*MATERIAL FOR THIS TASK:*
※

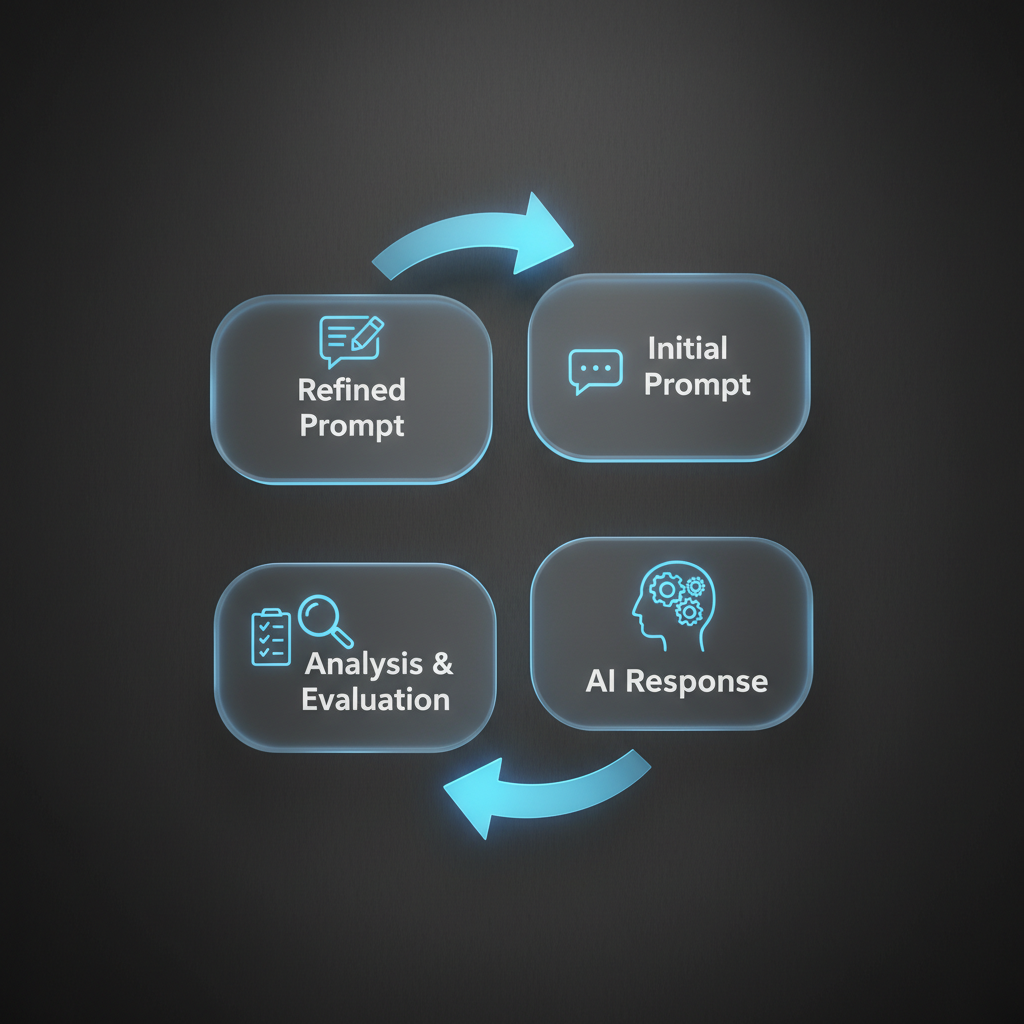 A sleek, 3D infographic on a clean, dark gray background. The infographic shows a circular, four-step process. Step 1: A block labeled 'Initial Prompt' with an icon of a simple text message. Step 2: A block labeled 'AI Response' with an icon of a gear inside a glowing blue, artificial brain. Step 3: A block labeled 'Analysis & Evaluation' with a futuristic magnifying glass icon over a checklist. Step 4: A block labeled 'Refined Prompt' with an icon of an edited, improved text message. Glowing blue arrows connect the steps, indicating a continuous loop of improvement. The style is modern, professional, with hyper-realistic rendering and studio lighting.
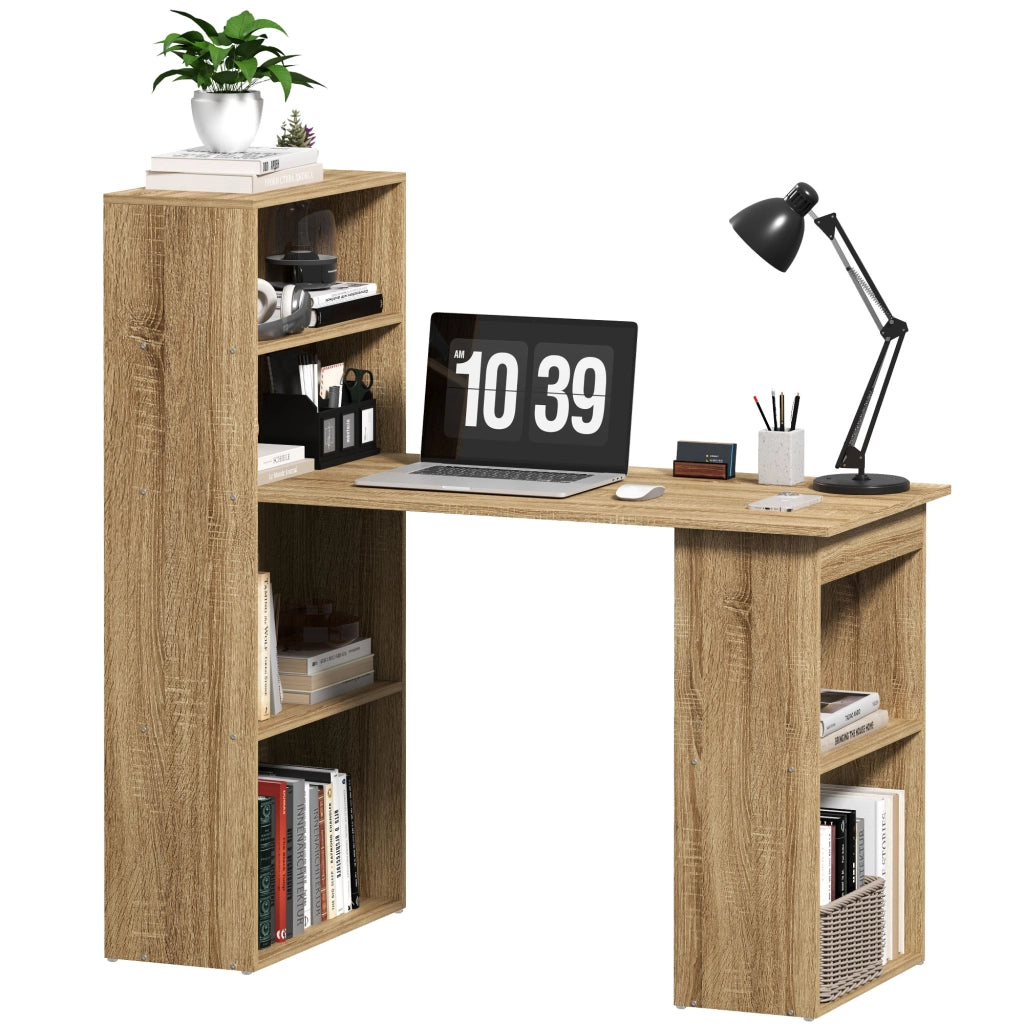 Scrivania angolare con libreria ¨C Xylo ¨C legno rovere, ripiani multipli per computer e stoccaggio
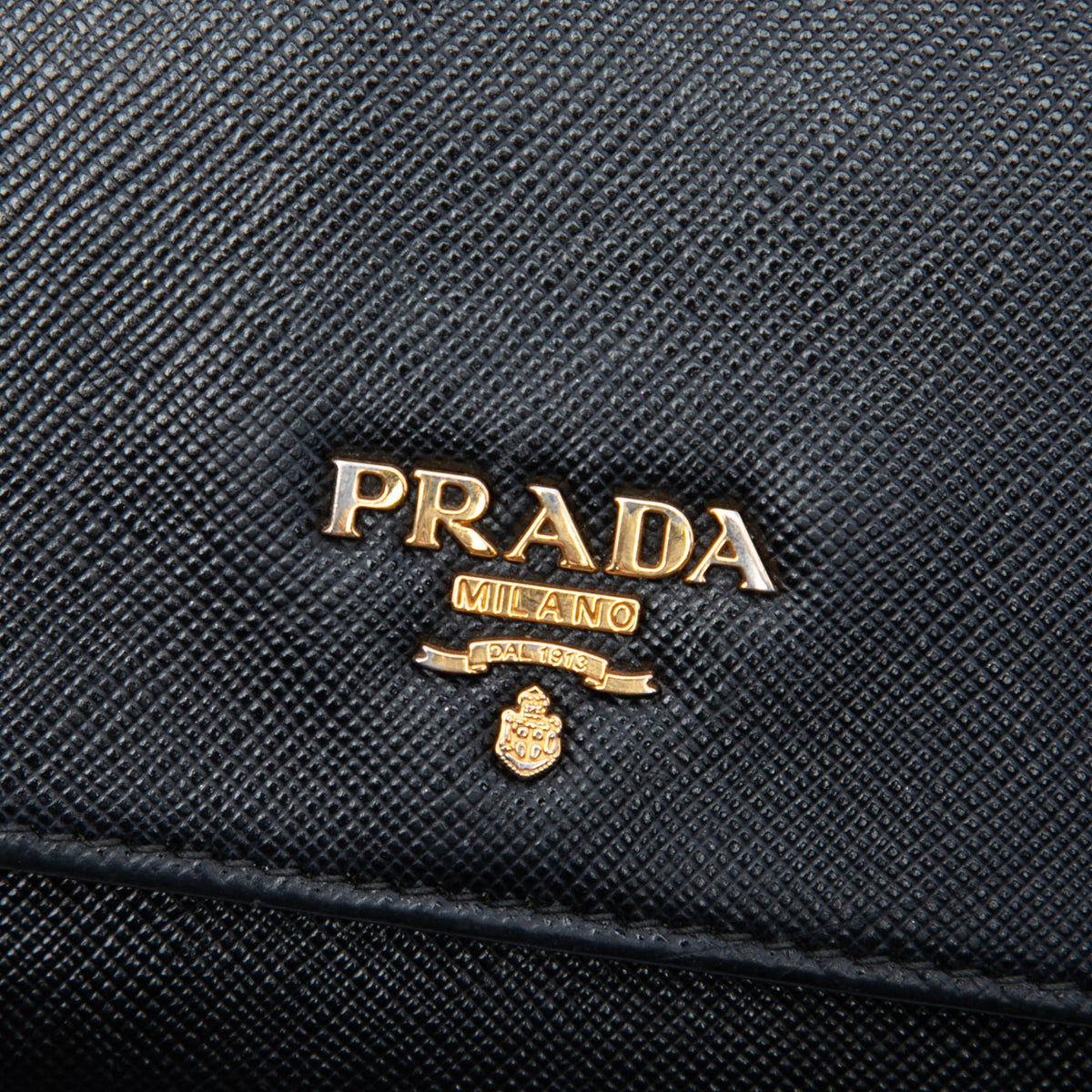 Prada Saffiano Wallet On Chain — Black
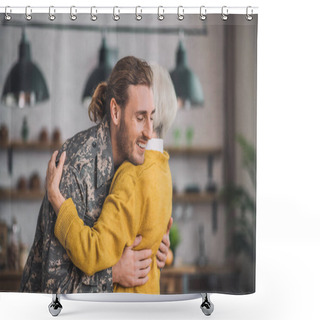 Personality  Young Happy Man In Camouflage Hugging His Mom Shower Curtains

※

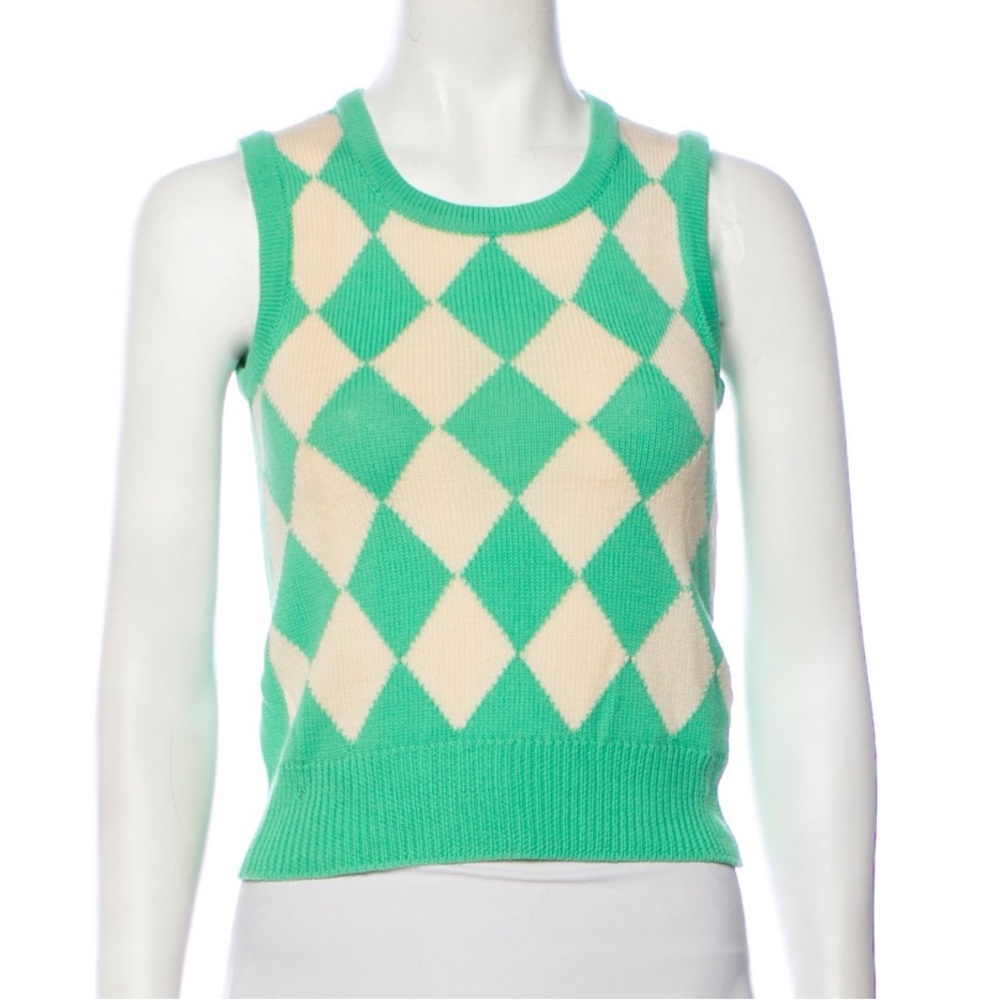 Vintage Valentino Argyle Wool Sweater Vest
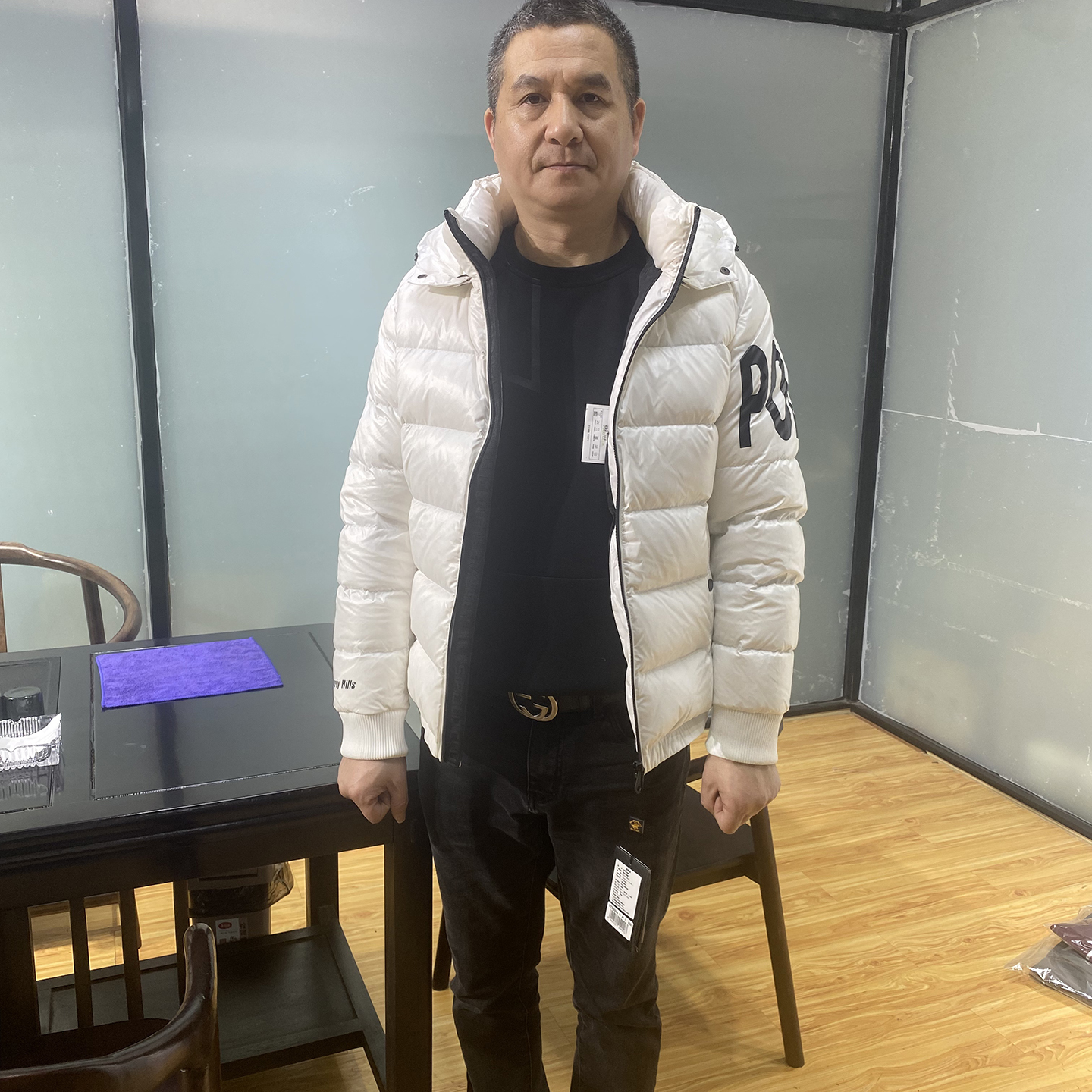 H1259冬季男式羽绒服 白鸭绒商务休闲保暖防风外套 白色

※

*PROBLEM STATEMENT:*
Each line above starting at the one holding "Prada Saffiano Wallet On Chain — Black" and ending at the one holding "Mom Shower Curtains" should be set down exactly as it stands, both ends included, with no pictures.

*RESPONSE BELOW:*
 Prada Saffiano Wallet On Chain — Black
 Personality  Young Happy Man In Camouflage Hugging His Mom Shower Curtains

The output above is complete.